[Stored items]
· · · · ·

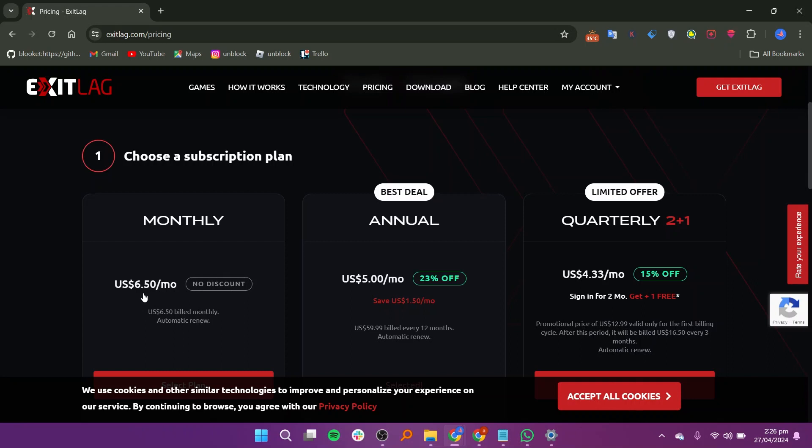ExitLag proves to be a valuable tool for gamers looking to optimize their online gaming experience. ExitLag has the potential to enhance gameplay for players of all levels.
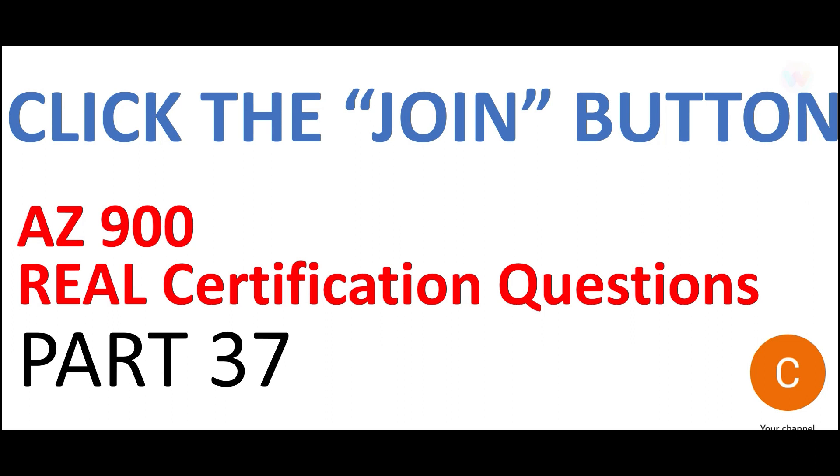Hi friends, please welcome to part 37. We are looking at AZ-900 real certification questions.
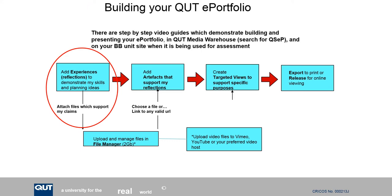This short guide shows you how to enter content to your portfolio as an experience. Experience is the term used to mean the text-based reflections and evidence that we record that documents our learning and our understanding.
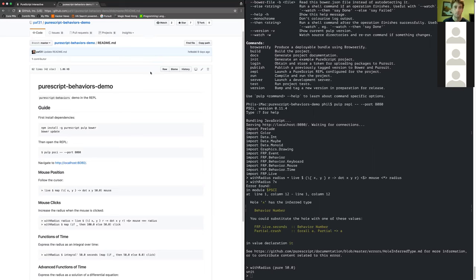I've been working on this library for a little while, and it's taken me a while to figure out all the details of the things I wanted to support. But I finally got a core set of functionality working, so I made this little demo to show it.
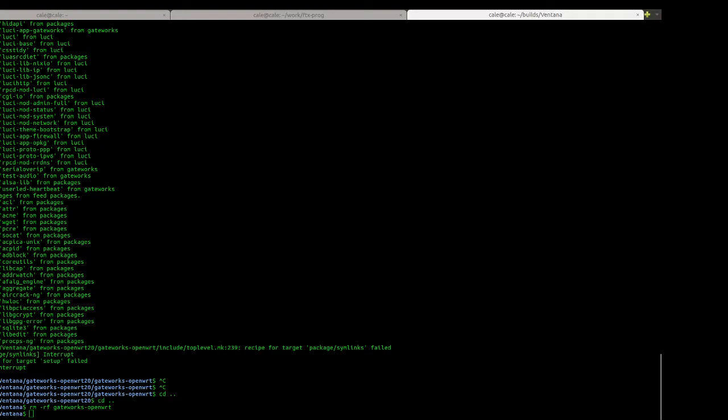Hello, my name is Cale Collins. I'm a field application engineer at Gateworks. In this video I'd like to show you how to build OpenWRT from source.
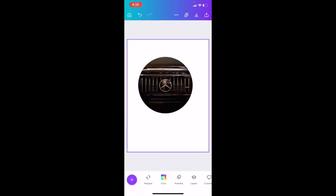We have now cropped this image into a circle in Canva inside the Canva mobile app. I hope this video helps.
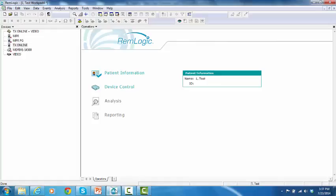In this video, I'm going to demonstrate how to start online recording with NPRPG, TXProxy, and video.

· · · · ·

YOUR OBJECTIVE - Those lines of the records above that run from the one containing "I've been working" through the one containing "Hello, my name" should be returned exactly, with no pictures among them.

RESPONSE AREA -
I've been working on this library for a little while, and it's taken me a while to figure out all the details of the things I wanted to support. But I finally got a core set of functionality working, so I made this little demo to show it.
Hello, my name is Cale Collins. I'm a field application engineer at Gateworks. In this video I'd like to show you how to build OpenWRT from source.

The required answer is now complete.